+++ EXERCISE INPUTS
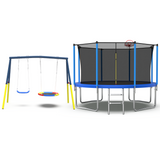 "Mersco 12FT Heavy Duty Trampoline with Enclosure Net & Swing Set Outdoor Big Trampoline for Backyard,Kids Trampoline with Basketball Hoop,1320LBS Capacity,Birthday & Holiday Gifts for Kids,Blue "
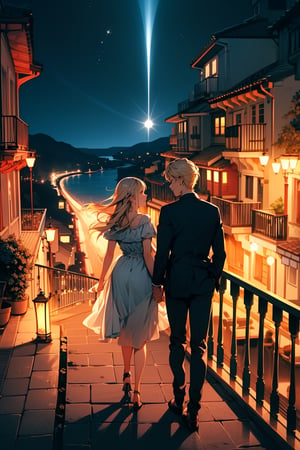 date night, at a balcony of a fancy restaurant, dim candle lights, night view of a coastal village, endless sea, dark sky, cute girl with blonde hair at the balcony, cleavage, classy outfit, cute hair, delighted to see viewer, walking towards her, couple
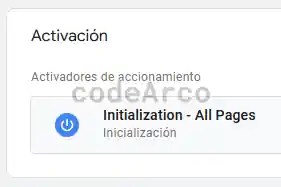 Etiqueta activador con Initialization All Pages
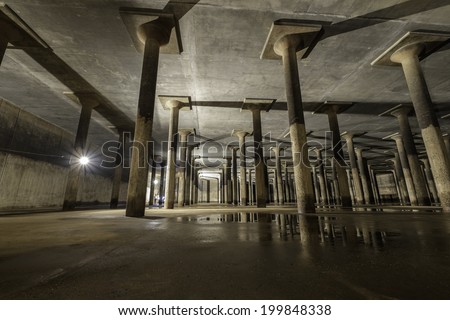 confined space area, reinforced column reflection, underground tank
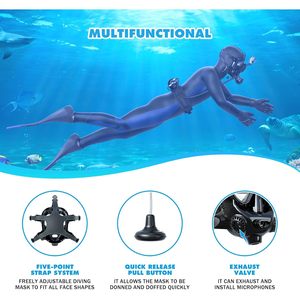 Masque de plongée intégral Smaco avec support pour caméra, lentille unique en verre trempé pour la plongée en apnée, la plongée sous-marine, les sports nautiques pour adultes - Product Image 2
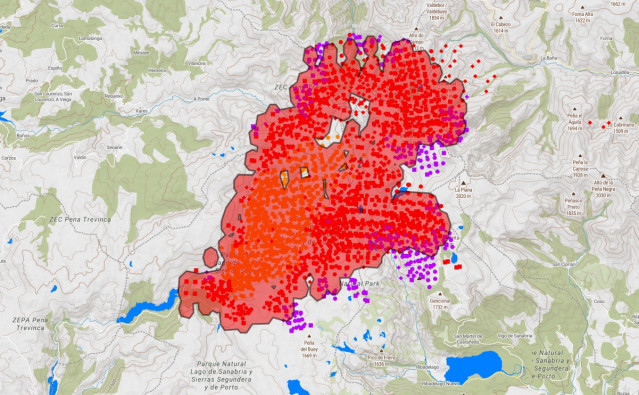 Incendio en Pena Trevinca, desde el visor Copernicus, a 18 de agosto de 2025.
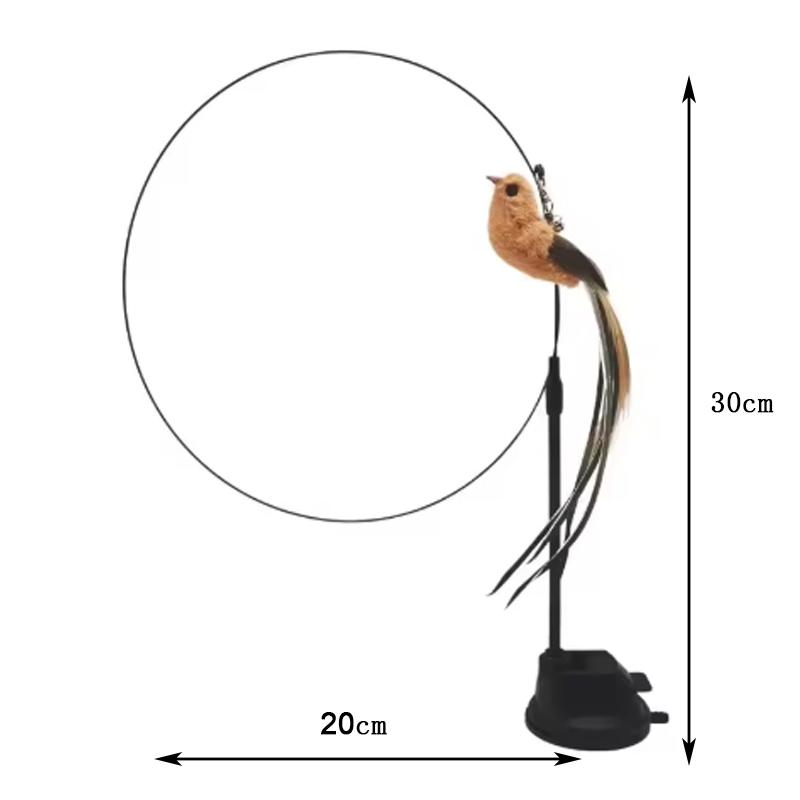 Cat Toys Cat Self-sexy Feather Suction Cup Teasing Cat Stick with Bell Bird Replacement Head Resistant To Bite Pet Toys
++++++
• **ABOUT THIS EXERCISE**: Repeat every entry above exactly as written and omit any pictures it holds.

• **THE COMPLETED TASK**:
 "Mersco 12FT Heavy Duty Trampoline with Enclosure Net & Swing Set Outdoor Big Trampoline for Backyard,Kids Trampoline with Basketball Hoop,1320LBS Capacity,Birthday & Holiday Gifts for Kids,Blue "
 date night, at a balcony of a fancy restaurant, dim candle lights, night view of a coastal village, endless sea, dark sky, cute girl with blonde hair at the balcony, cleavage, classy outfit, cute hair, delighted to see viewer, walking towards her, couple
 Etiqueta activador con Initialization All Pages
 confined space area, reinforced column reflection, underground tank
 Masque de plongée intégral Smaco avec support pour caméra, lentille unique en verre trempé pour la plongée en apnée, la plongée sous-marine, les sports nautiques pour adultes - Product Image 2
 Incendio en Pena Trevinca, desde el visor Copernicus, a 18 de agosto de 2025.
 Cat Toys Cat Self-sexy Feather Suction Cup Teasing Cat Stick with Bell Bird Replacement Head Resistant To Bite Pet Toys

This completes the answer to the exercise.